Back to Ultralytics

Cityscapes Dataset

docs/en/datasets/semantic/cityscapes.md

8.4.527.0 KB
Original Source

Cityscapes Dataset

The Cityscapes dataset is a large-scale semantic segmentation benchmark focused on urban street scenes captured across 50 European cities. It provides high-quality pixel-level annotations and is one of the most widely used datasets for autonomous driving research and urban scene understanding with Ultralytics YOLO models.

Key Features

  • Cityscapes fine annotations include 2,975 training images, 500 validation images, and 1,525 test images.
  • The dataset covers 19 evaluation classes spanning road, vehicle, human, construction, object, nature, and sky categories.
  • Cityscapes provides standardized evaluation metrics like mean Intersection over Union (mIoU) for semantic segmentation, enabling effective comparison of model performance.

Dataset Structure

The Ultralytics configuration expects the following layout after preparation:

text
cityscapes/
├── images/
│   ├── train/
│   ├── val/
│   └── test/
└── masks/
    ├── train/
    ├── val/
    └── test/

The semantic masks are single-channel PNG files. The original Cityscapes label IDs are mapped to the standard 19 train IDs via the label_mapping section, and ignored or void labels are mapped to 255 so they are excluded from training and evaluation. Download the official leftImg8bit and gtFine archives from the Cityscapes website and extract them into the dataset root; the preparation block in cityscapes.yaml then organizes images and masks into this layout.

Applications

Cityscapes is widely used for training and evaluating deep learning models in semantic segmentation, particularly for autonomous driving, advanced driver-assistance systems (ADAS), and urban robotics.
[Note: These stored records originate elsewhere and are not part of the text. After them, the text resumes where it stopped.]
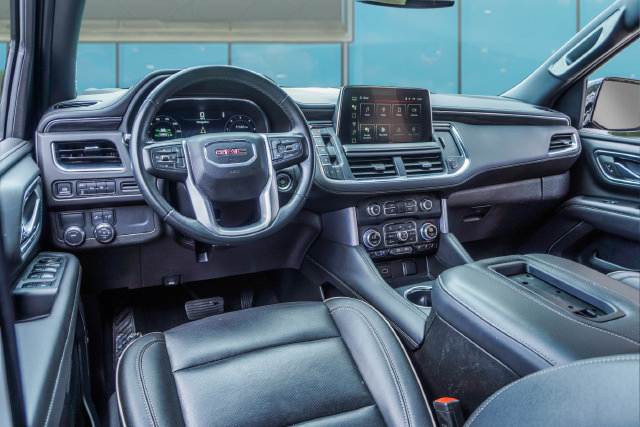 Used 2024 GMC Yukon XL SLT RWD image 36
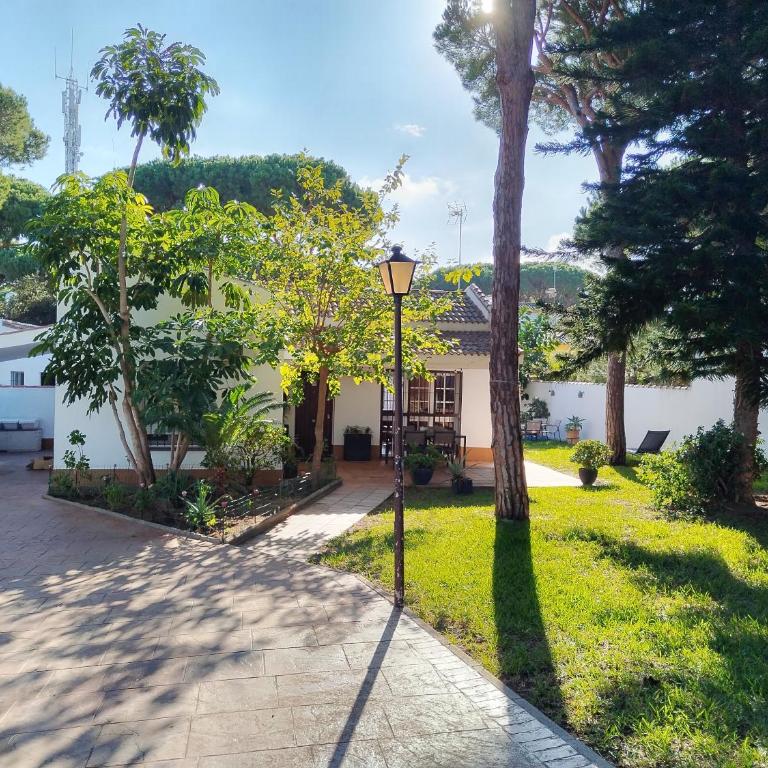 Villa Verde con Piscina a 800m de la Playa by Chiclana Dreams - Casa de 3 dormitorios - 4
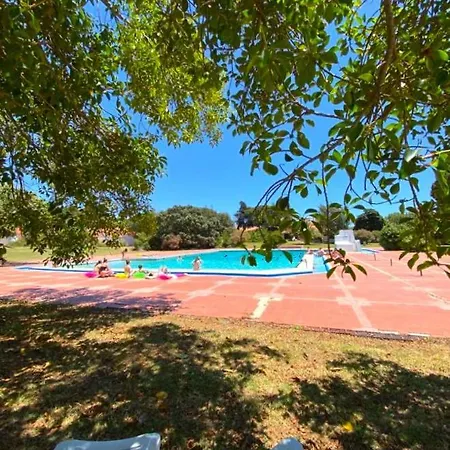 Vilanova, T0 - Modern Flat At Oura On The Strip With Balcony With View To The Pool, Pool Access, Lift And Air Conditioning Lägenhet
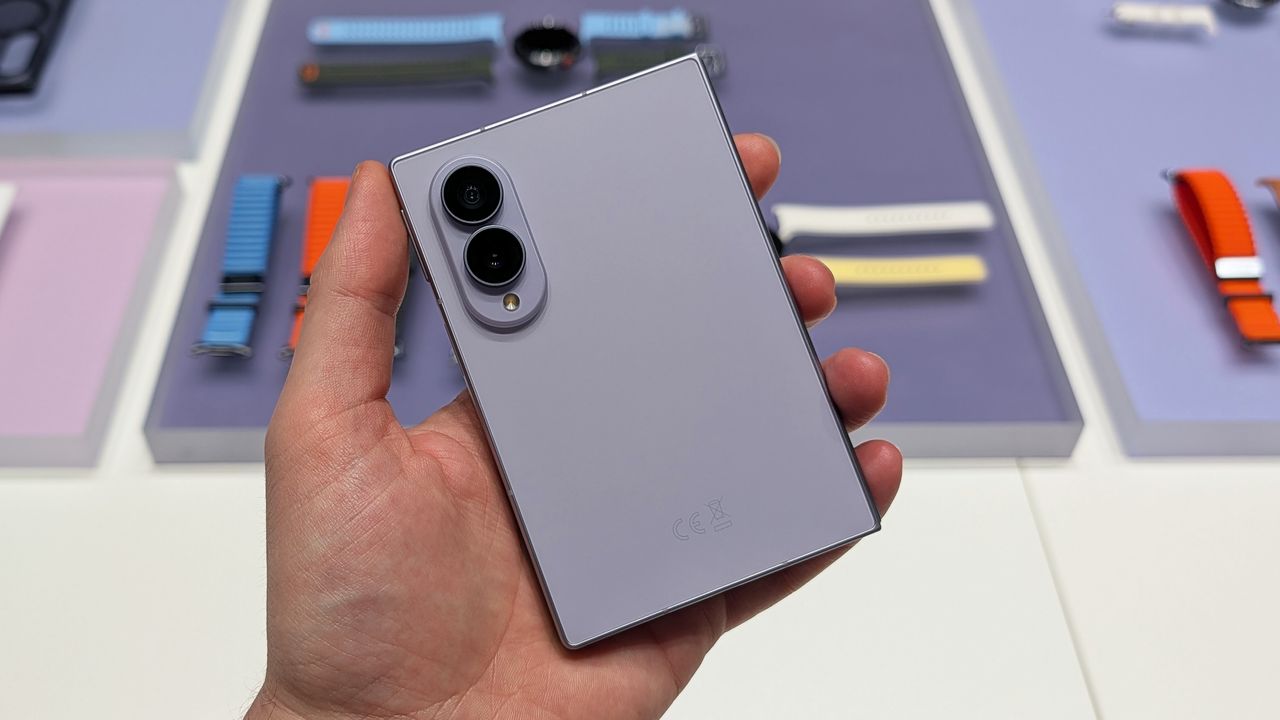 Samsung Z Fold 8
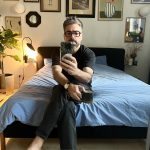 Tânărul chipeș din poză este azi unul dintre cei mai cunoscuți din România. Toate femeile îl ascultă, sigur nu îți dai seama cine e
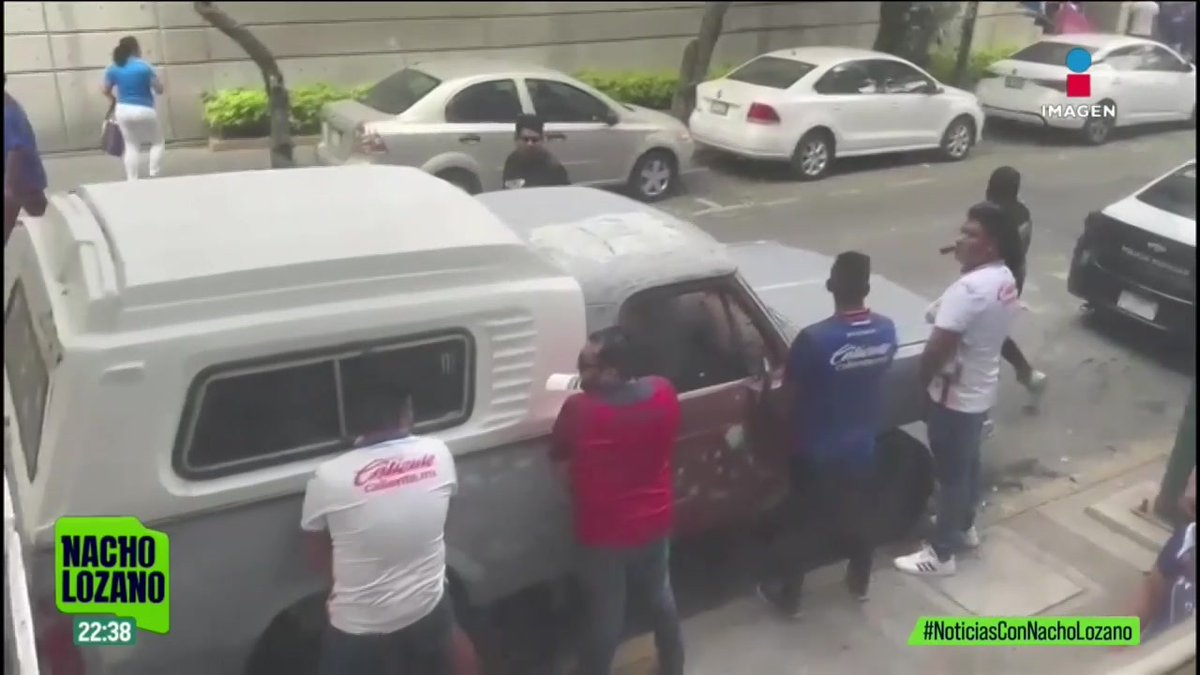 Vecinos de la Plaza de Toros y el Estadio Azul acusan que sus calles ya parecen estacionamientos, cantinas y baños públicos. Exigen que los visitantes no se apoderen de su barrio. Así se ven las colonias Ciudad de los Deportes y Nápoles en la alcaldía Benito Juárez, #CDMX:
Its high-resolution images and detailed annotations also make it valuable for research on real-time scene parsing, lane and obstacle understanding, and any task that requires dense pixel-level understanding of complex urban environments.

Dataset YAML

A dataset YAML file defines the Cityscapes paths, classes, mask directory, and label mapping. The cityscapes.yaml file is maintained at https://github.com/ultralytics/ultralytics/blob/main/ultralytics/cfg/datasets/cityscapes.yaml.

!!! example "ultralytics/cfg/datasets/cityscapes.yaml"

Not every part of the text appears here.